In fact, there is much sympathy for Shah among some quarters for what they see as his very “desi” or “country” ways. “He did not speak fancy English, was not suave, and competitors were suspicious and even contemptuous of him,” said an official. He was admired in his office for his sharpness, for his memory and prodigious capacity for hard work. He was equally feared for his brusque and authoritarian ways and this actually did him in, because as aconsequence he was surrounded by a coterie of yes-men rather than people who spoke their minds. And these yesmen oiled the wheels while he drove up the garden path, said sources.

His sympathisers also felt the established exchanges did their level best to see his equity exchange project (MCX-SX) took off only after a very long battle with regulators. “It is not that we were afraid of competition,” said the former senior official of one of the established exchanges. “We feared Shah’s practices.”
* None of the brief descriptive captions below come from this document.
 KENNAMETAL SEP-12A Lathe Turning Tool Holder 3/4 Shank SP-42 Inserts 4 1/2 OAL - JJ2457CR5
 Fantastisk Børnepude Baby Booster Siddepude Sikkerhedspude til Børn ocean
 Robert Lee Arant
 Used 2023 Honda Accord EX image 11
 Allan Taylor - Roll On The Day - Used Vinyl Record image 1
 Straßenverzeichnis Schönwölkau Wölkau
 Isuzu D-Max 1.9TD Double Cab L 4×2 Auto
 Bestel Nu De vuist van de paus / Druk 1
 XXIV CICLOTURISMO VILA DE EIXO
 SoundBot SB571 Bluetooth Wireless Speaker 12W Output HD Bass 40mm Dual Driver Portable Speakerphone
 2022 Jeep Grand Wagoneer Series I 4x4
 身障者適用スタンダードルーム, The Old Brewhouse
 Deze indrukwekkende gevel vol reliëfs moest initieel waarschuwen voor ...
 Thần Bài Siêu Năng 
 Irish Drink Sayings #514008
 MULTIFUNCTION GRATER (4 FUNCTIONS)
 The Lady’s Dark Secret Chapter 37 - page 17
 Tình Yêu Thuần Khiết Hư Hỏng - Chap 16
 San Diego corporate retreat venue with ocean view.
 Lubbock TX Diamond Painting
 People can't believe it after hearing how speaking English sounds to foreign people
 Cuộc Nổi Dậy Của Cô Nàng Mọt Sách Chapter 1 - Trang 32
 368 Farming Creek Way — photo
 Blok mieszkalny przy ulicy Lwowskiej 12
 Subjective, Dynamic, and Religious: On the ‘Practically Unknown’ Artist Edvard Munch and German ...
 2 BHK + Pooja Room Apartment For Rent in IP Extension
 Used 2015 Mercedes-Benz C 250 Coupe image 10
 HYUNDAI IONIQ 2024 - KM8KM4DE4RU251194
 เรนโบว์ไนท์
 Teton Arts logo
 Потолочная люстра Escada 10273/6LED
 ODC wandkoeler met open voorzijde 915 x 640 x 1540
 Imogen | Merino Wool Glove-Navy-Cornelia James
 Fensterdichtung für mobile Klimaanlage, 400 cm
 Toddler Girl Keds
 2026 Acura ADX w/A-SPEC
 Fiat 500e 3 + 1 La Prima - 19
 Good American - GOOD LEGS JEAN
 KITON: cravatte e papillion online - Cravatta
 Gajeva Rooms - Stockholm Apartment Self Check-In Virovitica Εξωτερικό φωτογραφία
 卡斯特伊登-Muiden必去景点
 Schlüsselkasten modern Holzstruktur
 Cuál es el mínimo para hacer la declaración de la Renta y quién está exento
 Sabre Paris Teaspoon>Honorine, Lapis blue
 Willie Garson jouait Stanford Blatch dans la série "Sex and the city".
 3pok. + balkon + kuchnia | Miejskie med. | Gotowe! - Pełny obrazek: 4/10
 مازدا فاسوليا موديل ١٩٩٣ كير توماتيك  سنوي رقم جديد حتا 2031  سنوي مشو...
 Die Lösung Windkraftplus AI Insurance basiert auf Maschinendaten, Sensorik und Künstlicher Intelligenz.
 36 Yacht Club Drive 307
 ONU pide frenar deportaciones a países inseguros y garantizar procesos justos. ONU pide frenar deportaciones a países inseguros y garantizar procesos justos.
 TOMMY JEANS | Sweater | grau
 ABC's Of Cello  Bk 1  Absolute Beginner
That few disputed. Shah craved lightning success in everything and was a man in such a savage hurry that he pressured his executives immensely, not minding if rules were bent here and there. Finally, his bulldozing success just crashed into a wall.

The scam

Thousands of investors bought commodities on the NSEL platform from borrowers who said they had stocked commodities with NSEL which had given them warehouse receipts in acknowledgment. This was done using paired contracts offering 25 and 35 day settlements that were actually not allowed to a spot exchange. When authorities stopped these contracts, the borrowers defaulted. The exchange could not sell the commodities to pay off investors, because there weren’t any commodities, as the warehouse receipts were forged.